On Wednesday morning, Hegseth used his powerful microphone on Fox to urge Trump to escalate attacks on Iran, which he called “an evil regime.” This came just hours after Iran fired roughly 20 ballistic missiles at US-occupied Iraqi military bases, a retaliatory attack that didn’t result in any US, Iraqi or allied casualties.
Hegseth called on Trump to threaten Iran with attacks on its homeland – including infrastructure, oil production facilities, nuclear facilities, and cultural sites – if it doesn’t end its development of nuclear capabilities, which Iran has now vowed to do in pulling out of the nuclear deal.
“When I hear talk about, well now it’s time to get back to the table and talk, I say they need to come back to the table for talks on their nuclear capabilities. They need to come back limping and begging, not seething,” Hegseth said.
He went on, “What better time than now to say, we’re starting the clock, you’ve got a week, you’ve got X amount of time before we start taking out your energy production facilities. We take out key infrastructure. We take out your missile sites. We take out nuclear developments.”
Hegseth further suggested that US and international laws that prohibit nations from committing war crimes are “rigged to help [Iran] so that we can’t win.”

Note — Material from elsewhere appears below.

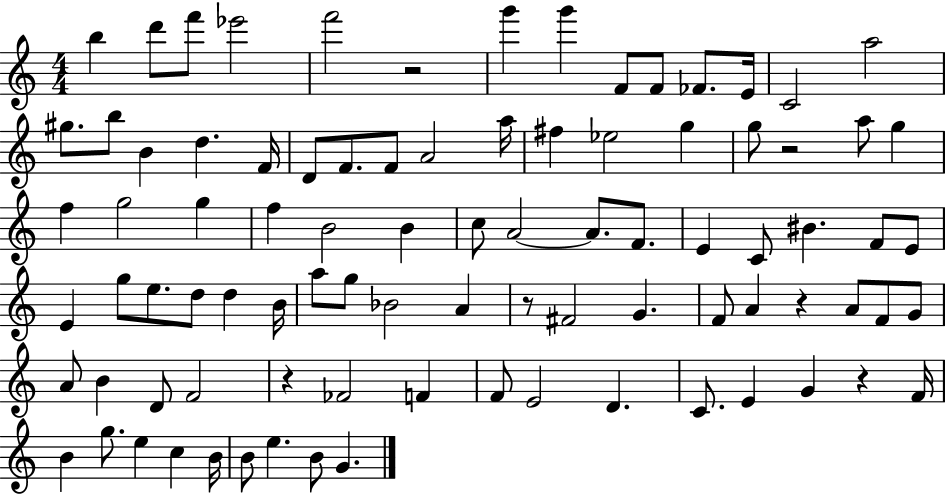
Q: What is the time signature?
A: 4/4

This comes after Trump said the US would target Iranian cultural sites if the country retaliates against the US – in what would likely be a war crime. The president was forced to walk back that promise on Monday after the secretary of defence said he wouldn’t violate the laws of war.
Those comments prompted an Iranian official to call Trump a “terrorist in a suit” and the Iranian parliament this week designated the US military a terrorist organisation.
But Hegseth appeared to encourage Trump to undermine laws protecting human rights, arguing the US should “rewrite the rules” to be “advantageous to us.” He said that the US should go after cultural sites if they’re being used to store weapons.
The 1954 Hague Convention only permits attacks on cultural sites in “exceptional cases of unavoidable military necessity.” Iran, to be sure, would need an huge amount of space to house the centrifuges needed to enrich uranium or plutonium, or to store nuclear weapons in an hardened magazine, making converting a heritage space like an ancient mosque to this use extremely expensive and unlikely.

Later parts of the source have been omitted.